(Task objective)
Only the pictures are to be left out; write out the rest of the data exactly.

(Given data)
- - -
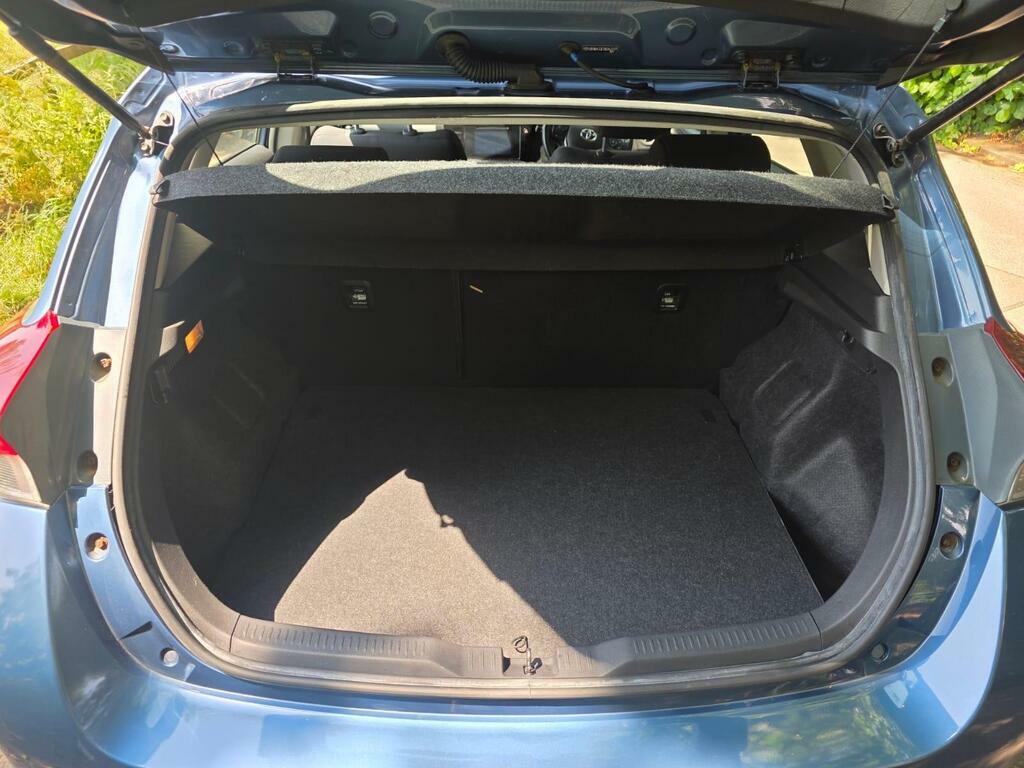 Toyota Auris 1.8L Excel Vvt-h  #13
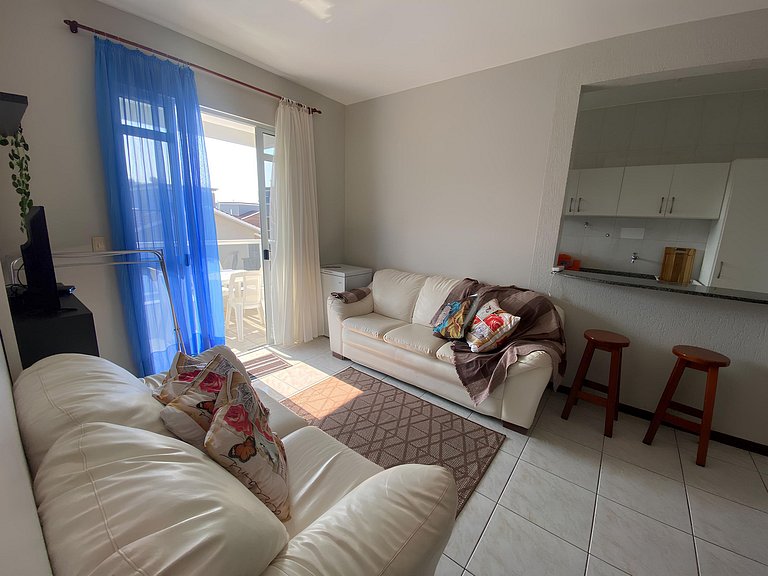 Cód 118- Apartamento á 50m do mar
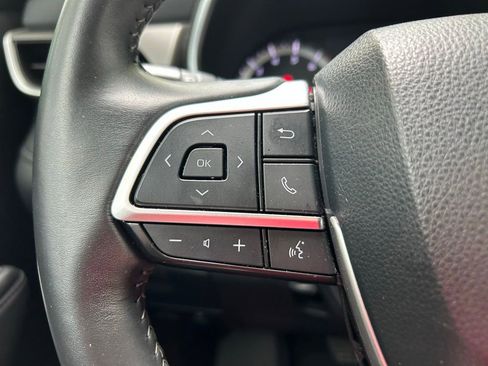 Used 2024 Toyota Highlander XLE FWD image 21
- - -
(Answer to this problem)
 Toyota Auris 1.8L Excel Vvt-h  #13
 Cód 118- Apartamento á 50m do mar
 Used 2024 Toyota Highlander XLE FWD image 21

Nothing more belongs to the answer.